* TASK DIRECTIONS:
Look below for the line that contains "MS DE 300 PERSONAS", then copy it and each following line exactly, through and including the line that contains "2021 GMC Yukon 4WD Denali".

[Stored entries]
[Start of section]
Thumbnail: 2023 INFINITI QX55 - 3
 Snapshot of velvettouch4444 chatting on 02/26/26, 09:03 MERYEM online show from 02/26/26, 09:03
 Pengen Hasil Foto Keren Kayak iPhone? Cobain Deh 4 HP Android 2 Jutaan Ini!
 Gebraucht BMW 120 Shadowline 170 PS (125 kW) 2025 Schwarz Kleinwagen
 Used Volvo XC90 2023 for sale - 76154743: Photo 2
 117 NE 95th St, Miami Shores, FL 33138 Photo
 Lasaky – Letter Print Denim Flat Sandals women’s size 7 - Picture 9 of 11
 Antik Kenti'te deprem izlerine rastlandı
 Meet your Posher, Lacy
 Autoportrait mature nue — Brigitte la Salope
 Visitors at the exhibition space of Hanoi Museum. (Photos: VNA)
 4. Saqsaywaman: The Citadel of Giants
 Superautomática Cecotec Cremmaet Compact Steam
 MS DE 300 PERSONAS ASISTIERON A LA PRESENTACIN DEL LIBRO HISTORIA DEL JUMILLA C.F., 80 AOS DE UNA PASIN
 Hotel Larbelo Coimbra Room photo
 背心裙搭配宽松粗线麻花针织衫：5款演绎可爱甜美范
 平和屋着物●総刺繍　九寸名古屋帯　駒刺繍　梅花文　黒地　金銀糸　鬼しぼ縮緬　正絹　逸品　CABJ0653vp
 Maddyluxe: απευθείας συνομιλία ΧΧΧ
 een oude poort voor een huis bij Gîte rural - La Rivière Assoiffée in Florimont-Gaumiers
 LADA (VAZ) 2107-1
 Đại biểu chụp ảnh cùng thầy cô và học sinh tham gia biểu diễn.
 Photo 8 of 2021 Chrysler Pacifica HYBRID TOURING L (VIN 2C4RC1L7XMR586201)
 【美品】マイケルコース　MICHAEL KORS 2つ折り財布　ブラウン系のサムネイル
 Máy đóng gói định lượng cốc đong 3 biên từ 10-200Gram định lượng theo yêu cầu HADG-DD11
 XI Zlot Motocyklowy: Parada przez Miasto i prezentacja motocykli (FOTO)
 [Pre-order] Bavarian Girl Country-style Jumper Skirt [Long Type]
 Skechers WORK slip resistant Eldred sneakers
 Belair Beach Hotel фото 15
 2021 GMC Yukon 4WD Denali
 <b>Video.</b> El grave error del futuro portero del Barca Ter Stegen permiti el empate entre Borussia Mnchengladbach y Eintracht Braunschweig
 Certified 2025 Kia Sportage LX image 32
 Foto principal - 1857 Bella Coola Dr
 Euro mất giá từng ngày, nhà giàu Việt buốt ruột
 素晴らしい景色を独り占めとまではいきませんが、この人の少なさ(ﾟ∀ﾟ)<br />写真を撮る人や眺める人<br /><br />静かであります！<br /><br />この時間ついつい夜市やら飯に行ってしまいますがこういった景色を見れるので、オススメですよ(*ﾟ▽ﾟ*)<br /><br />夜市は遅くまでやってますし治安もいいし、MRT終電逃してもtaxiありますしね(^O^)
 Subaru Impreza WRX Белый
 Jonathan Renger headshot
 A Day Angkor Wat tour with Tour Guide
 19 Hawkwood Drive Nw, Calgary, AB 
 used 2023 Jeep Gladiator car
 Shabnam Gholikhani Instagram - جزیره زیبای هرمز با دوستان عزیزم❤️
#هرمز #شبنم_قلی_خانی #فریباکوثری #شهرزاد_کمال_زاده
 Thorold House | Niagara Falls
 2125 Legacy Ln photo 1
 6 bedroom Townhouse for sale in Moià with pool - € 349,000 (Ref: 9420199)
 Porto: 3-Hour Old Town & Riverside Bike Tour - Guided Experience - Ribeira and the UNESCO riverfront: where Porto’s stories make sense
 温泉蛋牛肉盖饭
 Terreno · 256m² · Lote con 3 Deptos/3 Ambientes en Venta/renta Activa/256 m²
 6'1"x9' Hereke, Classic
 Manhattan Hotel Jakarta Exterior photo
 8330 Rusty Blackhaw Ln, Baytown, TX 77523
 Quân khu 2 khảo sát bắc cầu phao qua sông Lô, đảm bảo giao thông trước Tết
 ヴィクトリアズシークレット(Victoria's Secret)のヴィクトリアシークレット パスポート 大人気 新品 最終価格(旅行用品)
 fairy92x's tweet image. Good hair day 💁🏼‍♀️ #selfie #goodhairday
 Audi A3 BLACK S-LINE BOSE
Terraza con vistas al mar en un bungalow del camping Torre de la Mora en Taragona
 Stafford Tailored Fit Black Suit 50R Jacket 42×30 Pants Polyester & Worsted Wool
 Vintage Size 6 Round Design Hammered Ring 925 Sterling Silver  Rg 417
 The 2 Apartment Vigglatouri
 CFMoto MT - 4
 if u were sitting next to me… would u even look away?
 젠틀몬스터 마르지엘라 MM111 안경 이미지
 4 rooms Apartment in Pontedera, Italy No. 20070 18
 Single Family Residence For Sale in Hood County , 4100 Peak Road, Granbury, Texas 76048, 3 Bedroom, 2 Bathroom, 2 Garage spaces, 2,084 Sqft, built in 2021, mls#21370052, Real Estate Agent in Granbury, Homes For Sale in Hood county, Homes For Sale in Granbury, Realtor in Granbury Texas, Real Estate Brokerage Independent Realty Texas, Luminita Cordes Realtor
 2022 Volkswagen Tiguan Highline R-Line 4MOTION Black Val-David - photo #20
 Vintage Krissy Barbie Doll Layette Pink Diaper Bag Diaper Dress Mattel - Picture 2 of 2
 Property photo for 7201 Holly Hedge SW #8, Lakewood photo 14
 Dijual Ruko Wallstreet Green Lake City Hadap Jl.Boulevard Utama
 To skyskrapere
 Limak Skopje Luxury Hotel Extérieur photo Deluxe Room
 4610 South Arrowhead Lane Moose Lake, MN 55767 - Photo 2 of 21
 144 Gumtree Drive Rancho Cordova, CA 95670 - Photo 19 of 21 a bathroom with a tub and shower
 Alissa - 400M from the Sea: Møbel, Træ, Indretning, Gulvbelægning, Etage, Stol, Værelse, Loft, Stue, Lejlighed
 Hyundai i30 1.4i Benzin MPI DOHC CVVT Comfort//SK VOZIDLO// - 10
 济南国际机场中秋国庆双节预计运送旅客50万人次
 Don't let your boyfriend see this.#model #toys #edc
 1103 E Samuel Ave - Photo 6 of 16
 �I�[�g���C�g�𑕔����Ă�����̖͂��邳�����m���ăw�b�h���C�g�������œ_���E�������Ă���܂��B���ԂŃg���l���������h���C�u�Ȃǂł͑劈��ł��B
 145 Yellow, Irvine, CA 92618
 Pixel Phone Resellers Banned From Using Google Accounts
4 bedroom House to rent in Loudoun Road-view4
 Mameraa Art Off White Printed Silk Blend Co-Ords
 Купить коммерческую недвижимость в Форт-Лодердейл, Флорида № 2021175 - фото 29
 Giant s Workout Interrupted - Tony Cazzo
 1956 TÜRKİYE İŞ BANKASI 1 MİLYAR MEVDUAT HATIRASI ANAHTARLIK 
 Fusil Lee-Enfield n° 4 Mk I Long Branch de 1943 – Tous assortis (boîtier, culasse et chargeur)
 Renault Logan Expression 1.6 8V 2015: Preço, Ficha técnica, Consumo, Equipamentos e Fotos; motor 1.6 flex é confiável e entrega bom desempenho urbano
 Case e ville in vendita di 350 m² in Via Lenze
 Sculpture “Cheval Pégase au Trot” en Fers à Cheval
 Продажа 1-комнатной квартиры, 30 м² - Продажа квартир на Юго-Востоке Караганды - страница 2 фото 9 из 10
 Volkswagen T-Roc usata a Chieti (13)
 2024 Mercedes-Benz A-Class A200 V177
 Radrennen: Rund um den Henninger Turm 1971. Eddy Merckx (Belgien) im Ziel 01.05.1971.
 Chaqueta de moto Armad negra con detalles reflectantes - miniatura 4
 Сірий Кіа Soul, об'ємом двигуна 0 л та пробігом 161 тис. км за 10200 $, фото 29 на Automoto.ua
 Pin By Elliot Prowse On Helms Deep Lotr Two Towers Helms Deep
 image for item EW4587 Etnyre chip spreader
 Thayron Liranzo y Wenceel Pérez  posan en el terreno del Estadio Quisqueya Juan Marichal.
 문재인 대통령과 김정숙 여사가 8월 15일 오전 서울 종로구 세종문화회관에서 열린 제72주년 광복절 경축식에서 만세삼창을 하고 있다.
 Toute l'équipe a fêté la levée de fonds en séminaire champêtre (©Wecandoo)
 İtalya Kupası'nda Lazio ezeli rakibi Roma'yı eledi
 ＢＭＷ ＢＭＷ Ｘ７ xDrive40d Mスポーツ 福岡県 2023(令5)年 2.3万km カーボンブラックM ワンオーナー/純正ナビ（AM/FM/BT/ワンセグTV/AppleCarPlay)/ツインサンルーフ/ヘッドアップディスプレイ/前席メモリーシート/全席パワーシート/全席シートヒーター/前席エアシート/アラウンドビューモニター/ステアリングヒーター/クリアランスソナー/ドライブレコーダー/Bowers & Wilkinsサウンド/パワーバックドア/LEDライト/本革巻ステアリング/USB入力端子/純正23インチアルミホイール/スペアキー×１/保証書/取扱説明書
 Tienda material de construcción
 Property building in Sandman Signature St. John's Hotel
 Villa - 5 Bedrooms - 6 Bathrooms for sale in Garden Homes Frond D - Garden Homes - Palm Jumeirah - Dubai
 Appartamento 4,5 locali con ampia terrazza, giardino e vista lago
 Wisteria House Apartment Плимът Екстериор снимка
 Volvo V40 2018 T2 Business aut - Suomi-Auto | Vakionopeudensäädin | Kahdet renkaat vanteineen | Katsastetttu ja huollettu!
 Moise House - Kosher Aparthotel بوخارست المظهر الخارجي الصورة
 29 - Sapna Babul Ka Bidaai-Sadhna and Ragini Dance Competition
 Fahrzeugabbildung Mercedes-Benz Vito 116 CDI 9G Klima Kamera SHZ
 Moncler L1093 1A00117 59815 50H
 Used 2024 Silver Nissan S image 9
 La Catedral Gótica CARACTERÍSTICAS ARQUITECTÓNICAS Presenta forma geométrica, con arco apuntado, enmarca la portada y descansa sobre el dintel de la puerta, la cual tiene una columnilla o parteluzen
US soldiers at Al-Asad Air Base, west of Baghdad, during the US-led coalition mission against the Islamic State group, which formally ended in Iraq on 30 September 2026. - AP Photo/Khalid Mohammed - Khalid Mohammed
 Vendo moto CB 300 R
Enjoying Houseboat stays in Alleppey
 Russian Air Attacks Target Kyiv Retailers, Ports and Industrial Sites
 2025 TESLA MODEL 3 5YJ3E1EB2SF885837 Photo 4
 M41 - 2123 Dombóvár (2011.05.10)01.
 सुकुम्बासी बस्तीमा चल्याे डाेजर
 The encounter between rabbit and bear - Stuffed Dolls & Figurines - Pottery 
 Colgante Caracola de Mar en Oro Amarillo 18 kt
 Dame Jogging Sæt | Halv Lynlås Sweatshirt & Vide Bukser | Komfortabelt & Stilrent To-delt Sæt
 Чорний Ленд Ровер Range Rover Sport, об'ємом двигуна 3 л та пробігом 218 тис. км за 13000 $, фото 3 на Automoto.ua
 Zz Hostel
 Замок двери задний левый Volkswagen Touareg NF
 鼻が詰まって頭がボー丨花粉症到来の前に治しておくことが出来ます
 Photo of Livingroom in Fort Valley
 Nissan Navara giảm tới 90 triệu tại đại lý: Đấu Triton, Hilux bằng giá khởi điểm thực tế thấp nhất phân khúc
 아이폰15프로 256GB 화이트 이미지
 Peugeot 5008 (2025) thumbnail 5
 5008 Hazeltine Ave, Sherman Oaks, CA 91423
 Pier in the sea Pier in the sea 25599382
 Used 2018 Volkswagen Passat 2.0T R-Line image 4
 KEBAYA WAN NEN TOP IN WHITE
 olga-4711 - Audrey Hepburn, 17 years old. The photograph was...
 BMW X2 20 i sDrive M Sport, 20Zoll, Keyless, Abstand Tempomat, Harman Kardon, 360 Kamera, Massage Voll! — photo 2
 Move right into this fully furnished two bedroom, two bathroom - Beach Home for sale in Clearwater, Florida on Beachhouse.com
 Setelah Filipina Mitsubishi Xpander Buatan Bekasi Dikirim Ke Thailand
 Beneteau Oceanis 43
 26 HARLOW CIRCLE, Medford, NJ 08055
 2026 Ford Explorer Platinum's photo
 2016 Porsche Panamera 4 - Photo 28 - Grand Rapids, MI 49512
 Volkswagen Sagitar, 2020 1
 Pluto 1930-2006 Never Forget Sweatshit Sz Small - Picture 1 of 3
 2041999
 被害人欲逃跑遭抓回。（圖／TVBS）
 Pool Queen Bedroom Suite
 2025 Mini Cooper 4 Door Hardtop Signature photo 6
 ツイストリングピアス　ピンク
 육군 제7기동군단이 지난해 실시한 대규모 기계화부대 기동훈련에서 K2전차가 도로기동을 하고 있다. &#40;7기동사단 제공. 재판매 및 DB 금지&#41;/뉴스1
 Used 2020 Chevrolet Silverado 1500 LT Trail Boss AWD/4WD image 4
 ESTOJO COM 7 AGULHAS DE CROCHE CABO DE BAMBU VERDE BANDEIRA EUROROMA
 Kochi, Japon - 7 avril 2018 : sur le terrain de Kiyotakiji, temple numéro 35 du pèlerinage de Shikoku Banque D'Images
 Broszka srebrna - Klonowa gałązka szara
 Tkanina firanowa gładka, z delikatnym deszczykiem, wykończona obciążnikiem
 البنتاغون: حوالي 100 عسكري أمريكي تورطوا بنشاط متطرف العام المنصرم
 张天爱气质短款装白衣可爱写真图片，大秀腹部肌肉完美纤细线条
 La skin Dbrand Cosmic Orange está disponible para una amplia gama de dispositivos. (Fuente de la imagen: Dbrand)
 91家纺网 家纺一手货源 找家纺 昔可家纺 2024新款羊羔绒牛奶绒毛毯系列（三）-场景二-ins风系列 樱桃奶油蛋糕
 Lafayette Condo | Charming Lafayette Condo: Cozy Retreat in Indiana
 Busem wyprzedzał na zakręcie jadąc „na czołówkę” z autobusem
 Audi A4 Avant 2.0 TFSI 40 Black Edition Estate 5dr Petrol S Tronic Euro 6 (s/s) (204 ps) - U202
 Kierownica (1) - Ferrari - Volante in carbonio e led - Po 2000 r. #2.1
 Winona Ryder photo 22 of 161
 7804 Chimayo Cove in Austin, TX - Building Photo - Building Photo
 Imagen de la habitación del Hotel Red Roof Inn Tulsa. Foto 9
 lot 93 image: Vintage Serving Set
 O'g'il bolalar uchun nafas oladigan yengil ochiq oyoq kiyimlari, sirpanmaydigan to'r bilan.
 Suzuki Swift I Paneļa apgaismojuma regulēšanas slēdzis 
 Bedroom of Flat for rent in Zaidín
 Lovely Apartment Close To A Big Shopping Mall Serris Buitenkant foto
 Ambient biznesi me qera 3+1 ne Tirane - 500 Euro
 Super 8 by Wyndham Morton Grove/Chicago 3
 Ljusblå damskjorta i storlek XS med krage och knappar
[End of section]
* SOLUTION TO THE EXERCISE:
 MS DE 300 PERSONAS ASISTIERON A LA PRESENTACIN DEL LIBRO HISTORIA DEL JUMILLA C.F., 80 AOS DE UNA PASIN
 Hotel Larbelo Coimbra Room photo
 背心裙搭配宽松粗线麻花针织衫：5款演绎可爱甜美范
 平和屋着物●総刺繍　九寸名古屋帯　駒刺繍　梅花文　黒地　金銀糸　鬼しぼ縮緬　正絹　逸品　CABJ0653vp
 Maddyluxe: απευθείας συνομιλία ΧΧΧ
 een oude poort voor een huis bij Gîte rural - La Rivière Assoiffée in Florimont-Gaumiers
 LADA (VAZ) 2107-1
 Đại biểu chụp ảnh cùng thầy cô và học sinh tham gia biểu diễn.
 Photo 8 of 2021 Chrysler Pacifica HYBRID TOURING L (VIN 2C4RC1L7XMR586201)
 【美品】マイケルコース　MICHAEL KORS 2つ折り財布　ブラウン系のサムネイル
 Máy đóng gói định lượng cốc đong 3 biên từ 10-200Gram định lượng theo yêu cầu HADG-DD11
 XI Zlot Motocyklowy: Parada przez Miasto i prezentacja motocykli (FOTO)
 [Pre-order] Bavarian Girl Country-style Jumper Skirt [Long Type]
 Skechers WORK slip resistant Eldred sneakers
 Belair Beach Hotel фото 15
 2021 GMC Yukon 4WD Denali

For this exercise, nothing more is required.